平和な日常~冬~2

さて麻帆良ホテルを後にした横島と木乃香は新堂の店を訪れていた。

いよいよ明日のパーティー当日に向けてスイーツ作りを始めるのだが、スイーツ作りに関しては専門の調理機器が揃っている新堂の店で造ることになっていたのだ。

単純に厨房の広さだけならば横島の店の方が広いが、やはり専門の新堂の店の厨房の方が大量生産には向いている。


「会場の方はどう?」

「問題ないっすね。 本当に手慣れてますよ」

横島達が新堂の店の厨房に入ると、すでにのどかは一足先に来て手伝いを始めており新堂達は調理を始めていた。

新堂は横島達に会場の様子を尋ねるが、彼女も会場の設営を心配してる訳ではなく念のため聞いたようである。

お祭り慣れしている大学部の人達はそれだけ頼りになる存在だった。


「うわぁ、美味しそうやわ~」

一方の木乃香はさっそくスイーツ作りに加わるが、一足先に完成した明日披露するスイーツの一つに思わず笑顔をこぼしていた。

厨房には甘い焼き菓子の匂いが広がっており、外から入って来るとその匂いに誘われるのだ。


「結局カステラにするとは思いませんでしたよ」

「ウチと新堂先輩が一番しっくり来るのがカステラやったんです」

新堂と共に明日の主役である木乃香が来たことで新堂のスタッフ達もいよいよかと気合いが入るが、スタッフの一人は新堂と木乃香がカステラを選んだことが不思議そうであった。

横島の気まぐれもあって和洋問わずいろいろなスイーツを試作してみたものの、最終的にはごくごくシンプルなカステラに行き着いている。

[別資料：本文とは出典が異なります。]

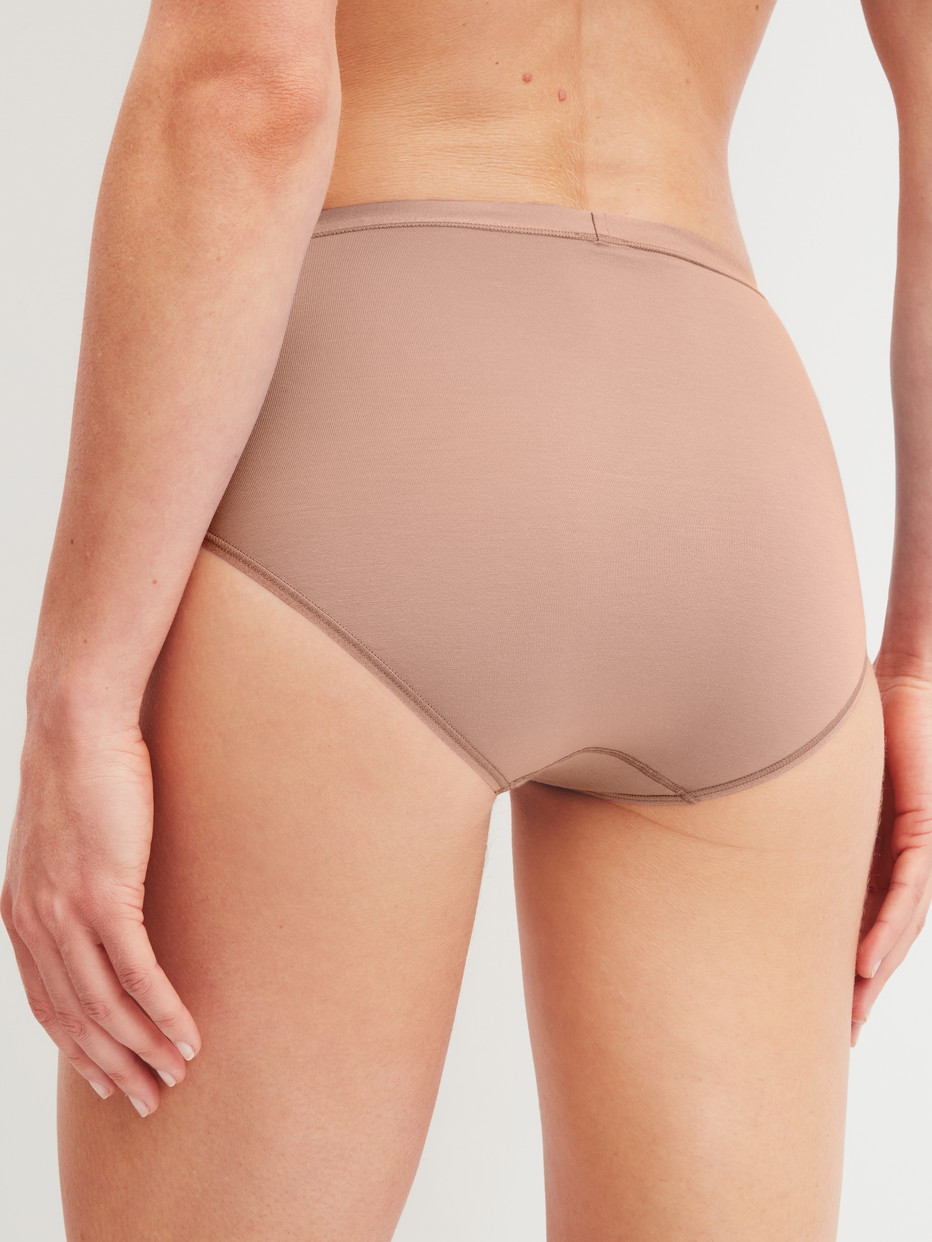 Women model is wearing Brief made of Cotton in Brown, Unicoloured from the Natural Comfort series by CALIDA, Back view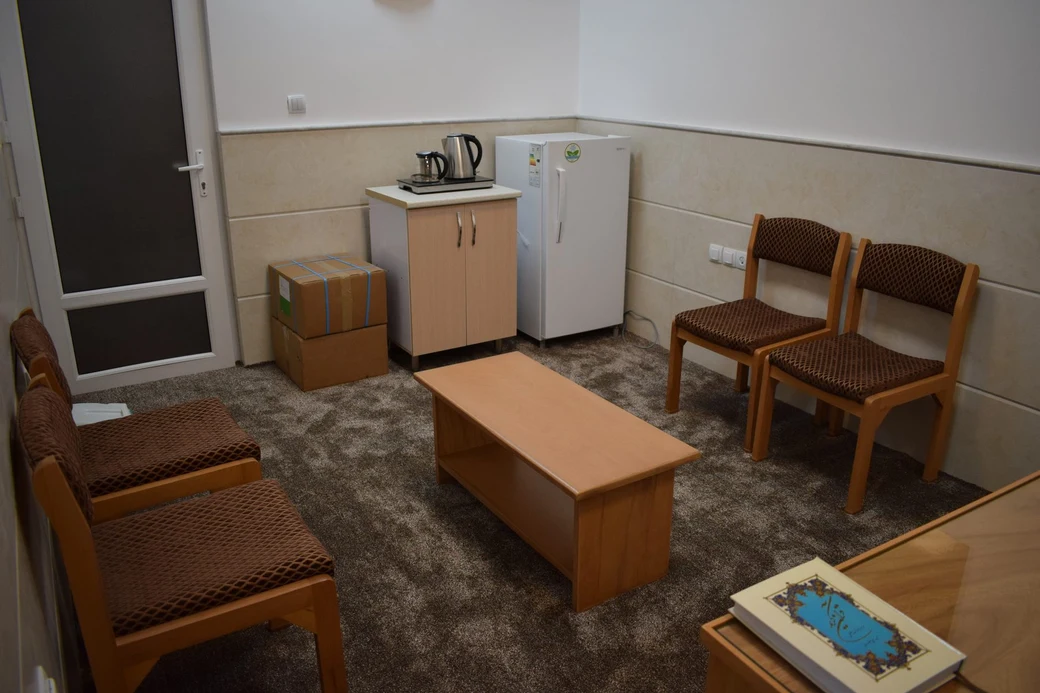 The SIOS student kitchenette, with a kettle, small fridge, cabinet and chairs around a low table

種類はオーソドックスなプレーンと小豆入りとチョコの三種類であり、どれも抹茶との組み合わせを前提にした一品になっていた。

これに関して横島は最終的には口出しせずに新堂と木乃香が決めたのだが、洋菓子でありながら古くから日本に根付き和菓子でもあるカステラを二人は選んでいる。

横島は個人的にはもっとインパクトがある物の方がいいのではとも考えていたが、新堂と木乃香は限りなく基本に近いカステラで勝負がしたかったようだ。

特に新堂が見た目がシンプルな故に味が全てであるカステラを選んだのは、少なからず横島と木乃香の影響があったのは確かだろう。

今回新堂は本来彼女が得意としたスイーツ一品で何かを表現するのではなく、スイーツと抹茶やそれを提供する空間を総合的に表現の場にしようと考えたようだった。


「やっぱりみんなでこうして作るのは楽しいわ~」

「そうだね」

それから横島と木乃香が加わったことで本格的に明日のスイーツであるカステラを作りが進むが、横島は元より木乃香とのどかはやはり楽しそうだった。

新堂のスタッフと木乃香達の一番の違いはそこだろう。

まあ仕事として毎日働いてる大人と学生の違いはあるのだろうが、それを除いても木乃香やのどかの楽しそうな調理はスタッフ達にとって印象的である。

実際木乃香の凄さの秘密はその自然体と無欲さにあるのだとスタッフ達は思っていた。

まあ必ずしも自然体や無欲がいい訳ではないが、若い木乃香が自然体で無欲なのは実際の木乃香の実力からしても悪いことではない。

明日の本番を楽しみにしつつ調理を続ける木乃香は、年相応の幼さが見えて周りはどこかホッとしていた。